Throughout the movie they are getting into random clubs, bypassing the red velvet rope searching for some band. Nick wonders why whenever he is with Norah he gets special treatment.

Mean girl starts to get jealous and drunk girl is lost, puking in random places.

They find drunk girl, Nick tells mean girl what he thinks by ditching her in some ALLEY in the middle of the CITY (Again, WHAT?! Who does that?) and Norah shows Nick why she is so popular with the bar folk... her daddy owns a recording studio. So, she takes him there... and he is all in awe, and soo they end up on some couch together.

Okay, so picture this,

Two little teenagers on some couch in daddy's recording studio, laying on each other. ON each other.
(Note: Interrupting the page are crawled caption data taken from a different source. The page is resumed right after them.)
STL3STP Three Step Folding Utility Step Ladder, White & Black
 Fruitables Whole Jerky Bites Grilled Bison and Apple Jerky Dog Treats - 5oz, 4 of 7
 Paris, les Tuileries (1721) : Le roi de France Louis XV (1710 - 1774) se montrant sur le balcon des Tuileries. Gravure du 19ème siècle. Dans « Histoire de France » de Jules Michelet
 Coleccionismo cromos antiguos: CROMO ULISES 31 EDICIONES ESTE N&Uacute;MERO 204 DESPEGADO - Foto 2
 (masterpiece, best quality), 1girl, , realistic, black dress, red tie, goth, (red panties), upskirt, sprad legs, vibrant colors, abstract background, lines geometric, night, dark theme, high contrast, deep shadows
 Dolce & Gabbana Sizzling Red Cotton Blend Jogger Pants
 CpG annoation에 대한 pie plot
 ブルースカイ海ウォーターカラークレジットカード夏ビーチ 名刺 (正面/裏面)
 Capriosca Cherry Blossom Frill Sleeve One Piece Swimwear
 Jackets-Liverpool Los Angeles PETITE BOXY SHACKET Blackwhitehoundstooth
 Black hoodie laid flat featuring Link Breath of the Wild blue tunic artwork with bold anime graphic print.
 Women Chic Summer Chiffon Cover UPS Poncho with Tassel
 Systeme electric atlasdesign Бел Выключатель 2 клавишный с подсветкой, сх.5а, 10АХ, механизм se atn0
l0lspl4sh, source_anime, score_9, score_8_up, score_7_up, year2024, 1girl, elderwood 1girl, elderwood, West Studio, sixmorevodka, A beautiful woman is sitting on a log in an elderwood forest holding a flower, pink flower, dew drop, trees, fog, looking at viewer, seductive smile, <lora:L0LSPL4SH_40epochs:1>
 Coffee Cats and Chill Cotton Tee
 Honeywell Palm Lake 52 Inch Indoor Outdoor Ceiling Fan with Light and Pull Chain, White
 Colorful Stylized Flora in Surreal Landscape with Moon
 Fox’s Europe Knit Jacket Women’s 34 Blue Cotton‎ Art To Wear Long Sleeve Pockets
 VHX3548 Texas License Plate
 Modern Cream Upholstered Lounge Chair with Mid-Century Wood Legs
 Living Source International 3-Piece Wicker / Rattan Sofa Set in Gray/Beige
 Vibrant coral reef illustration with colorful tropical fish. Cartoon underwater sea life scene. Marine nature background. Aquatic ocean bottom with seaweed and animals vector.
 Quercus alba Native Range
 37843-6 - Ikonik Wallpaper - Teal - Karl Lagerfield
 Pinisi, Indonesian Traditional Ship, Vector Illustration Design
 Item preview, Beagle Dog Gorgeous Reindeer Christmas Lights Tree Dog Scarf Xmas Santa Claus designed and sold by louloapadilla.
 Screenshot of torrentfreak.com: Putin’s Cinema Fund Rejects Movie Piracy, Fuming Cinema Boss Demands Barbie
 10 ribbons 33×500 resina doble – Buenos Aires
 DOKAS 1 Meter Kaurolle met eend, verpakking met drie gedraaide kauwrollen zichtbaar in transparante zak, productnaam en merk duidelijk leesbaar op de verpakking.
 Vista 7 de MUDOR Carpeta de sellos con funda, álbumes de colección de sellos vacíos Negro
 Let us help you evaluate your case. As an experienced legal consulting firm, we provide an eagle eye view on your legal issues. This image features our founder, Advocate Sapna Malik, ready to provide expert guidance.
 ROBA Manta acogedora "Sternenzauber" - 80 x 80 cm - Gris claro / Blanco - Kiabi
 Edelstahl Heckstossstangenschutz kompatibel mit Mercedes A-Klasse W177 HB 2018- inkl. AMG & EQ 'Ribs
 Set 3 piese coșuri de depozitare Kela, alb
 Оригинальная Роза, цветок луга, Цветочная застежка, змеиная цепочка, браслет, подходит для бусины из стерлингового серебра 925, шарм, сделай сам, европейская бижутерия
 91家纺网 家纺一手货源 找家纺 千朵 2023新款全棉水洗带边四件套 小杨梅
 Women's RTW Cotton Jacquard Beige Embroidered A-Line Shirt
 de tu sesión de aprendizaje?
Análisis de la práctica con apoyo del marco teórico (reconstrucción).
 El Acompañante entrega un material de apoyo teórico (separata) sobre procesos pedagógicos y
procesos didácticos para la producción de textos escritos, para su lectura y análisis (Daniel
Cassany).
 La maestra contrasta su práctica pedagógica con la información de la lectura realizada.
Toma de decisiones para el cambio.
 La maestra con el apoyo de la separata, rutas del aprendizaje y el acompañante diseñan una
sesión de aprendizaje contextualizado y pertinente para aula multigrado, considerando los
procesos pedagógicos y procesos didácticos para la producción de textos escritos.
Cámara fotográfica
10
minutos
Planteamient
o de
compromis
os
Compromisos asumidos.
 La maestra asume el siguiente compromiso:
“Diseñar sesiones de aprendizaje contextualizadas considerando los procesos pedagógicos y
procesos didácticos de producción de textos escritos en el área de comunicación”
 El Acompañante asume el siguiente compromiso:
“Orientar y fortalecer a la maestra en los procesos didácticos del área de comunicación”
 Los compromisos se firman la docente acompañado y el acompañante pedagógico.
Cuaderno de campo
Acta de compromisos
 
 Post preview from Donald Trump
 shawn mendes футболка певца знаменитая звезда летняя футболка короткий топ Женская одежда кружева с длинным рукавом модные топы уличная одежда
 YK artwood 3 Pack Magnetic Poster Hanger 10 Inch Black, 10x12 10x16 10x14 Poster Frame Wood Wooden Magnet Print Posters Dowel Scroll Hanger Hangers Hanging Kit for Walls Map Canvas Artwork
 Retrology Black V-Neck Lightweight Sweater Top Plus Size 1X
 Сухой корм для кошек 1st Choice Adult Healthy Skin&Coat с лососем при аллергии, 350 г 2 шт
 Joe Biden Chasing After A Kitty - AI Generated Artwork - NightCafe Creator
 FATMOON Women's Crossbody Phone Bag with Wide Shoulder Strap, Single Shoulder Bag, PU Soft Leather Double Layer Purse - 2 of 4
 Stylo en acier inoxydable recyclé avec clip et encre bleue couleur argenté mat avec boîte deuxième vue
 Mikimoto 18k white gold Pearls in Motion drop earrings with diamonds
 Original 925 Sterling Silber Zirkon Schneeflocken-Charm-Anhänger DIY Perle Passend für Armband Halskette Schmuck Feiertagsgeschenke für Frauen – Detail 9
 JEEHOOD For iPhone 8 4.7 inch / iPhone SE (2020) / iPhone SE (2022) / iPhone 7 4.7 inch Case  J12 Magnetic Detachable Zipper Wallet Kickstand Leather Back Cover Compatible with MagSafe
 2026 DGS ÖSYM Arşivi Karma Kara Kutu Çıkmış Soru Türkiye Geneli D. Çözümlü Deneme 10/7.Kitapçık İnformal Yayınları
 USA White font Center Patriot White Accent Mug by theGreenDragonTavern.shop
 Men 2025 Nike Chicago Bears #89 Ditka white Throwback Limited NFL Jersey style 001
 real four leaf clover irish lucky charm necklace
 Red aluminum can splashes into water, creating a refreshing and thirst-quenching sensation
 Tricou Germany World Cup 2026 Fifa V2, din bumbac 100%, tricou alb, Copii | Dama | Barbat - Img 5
Camera pans out to some sort of recording equipment that lights up when sound is being recorded. You then see the lights going off and HEAR Norah having an ORGASM.

Ummmm?

Are you disturbed yet because I was!

So, they pan back to the kids who have their clothes on. I felt a little relieved that they were dressed but i know what I heard! THEN, they get up, and, are you ready, ZIP UP THEIR PANTS!!!!

I sat there with my jaw to the floor.

Am I that old? THAT out of touch? I understand that kids move a lot faster than I did, and they did so when I was in school and I'm sure move WAY faster now. When I was that age, I wasn't ready for that. I wasn't mature enough. I didn't think some little guy in high school with dreams of getting to Jr. College deserved my innocence but what REALLY shocks me is that all this is a movie, promoted to our teenagers. Promoted as a good time, funny, quirky movie.

After sharing my opinion on this movie, most people didn't understand my shock and disappointment in Hollywood except for one person.

This person said she set a goal for herself this year to not be shy about how she feels towards situations that make her uncomfortable. To emphasize respect and let kids know when she doesn't feel respected.

She'll shout "LANGUAGE!" at kids who are cursing near her and other ladies and usually receives the middle finger. What is wrong with kids today? And how old am I asking 'what is wrong with kids today'?!

Another friend said she saw an older woman walk a teenage looking boy to the door and waved goodbye to him as he walked down the sidewalk lighting up a cigarette.

That isn't okay!

YES people smoked in high school but they hid it from every adult possible and from kids they thought might tell. It wasn't okay then and I don't think it should be accepted now. It was not okay to break the law, do bad things and knew if ANY adult saw them, they would bet that adult would tell their parents.

If I did something like that walking out my door, you can be sure whoever saw me would knock on the door I walked out of asking to speak to the head of the household and inform the parental figures the shenanigans they witnessed. They would be sure an adult in the house would know. Strangers felt responsible for the youth and I didn't grow up in a small town people! What happened to this? Why don't we care? Would you say something to a stranger if you thought their kid was doing something they shouldn't or am I just WAY out of touch?!?!